I don't mind an educated woman as long as she is not indoctrinated by the education system. Most often educated people seem to have the same views not because they are critical thinkers who have thought out and made well-formed opinions but rather they have copied verbatim what they have been taught. And this is referring to liberal education (which is hardly what people think of when they refer to educated), not the technical career-oriented useless knowledge they learn in most advanced degrees that have no application to life outside their particular field. I often find most woman who have advanced degrees are as useless to talk to as a woman who is a waitress. They can hardly discuss anything outside their field of interest, have no intellectual interests beyond their career specialization. They cannot discuss philosophy, anthropology, psychology, theology, sociology, sciences, or any topic of value beyond what they are fed in the mainstream media or memes they have absorbed from culture.
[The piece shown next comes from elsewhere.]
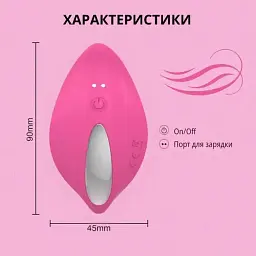 Вібратор для клітора I’MCUM Secret Touch в трусики з пультом управління Рожевий (IM-KCD201) - мініатюра 9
Truly educated woman with an interest in ideas are as rare as hen's teeth. And such educated women require no college degree to prove it. They can be found in any line of work, maybe even more so in less specialized and technical fields that dull their mind with useless practical tasks and don't allow them time to live the life of the mind.
Read Mortimer Adler about classic liberal education and not technical job training for ten years to know what an educated, wise, knowledgeable, and interesting person is. This is easier achieved without advanced education especially in this politically correct society which does not tolerate diversity of opinion in the academic world.
Also read Jose Ortega y Gasset, The Barbarization of Specialization.
Basically the most "officially" educated people now days are just pseudo-sophisticated barbarians.
@Kingpin – interesting observation. Some people and women specifically have a strong identity enough before they go to college/graduate school, and no matter what they study – it doesn't change who they are. If they were kind/sweet/feminine before, they will stay that way. Others, on the other hand, who are searching for identity, can be easily influenced by certain areas of study or professions. They either go overboard or become narrowly focused on their field of work/study, as you point out, trying to prove or overcompensate for something they feel they are missing. Some are mislead to believe that talking about their work makes them more attractive, when it's one of the more annoying things they can do.
I think it's our duty to get the most out of the education we receive (and there is plenty of benefit to be taken) and not let it turn us into mentally lop-sided or arrogant nerds.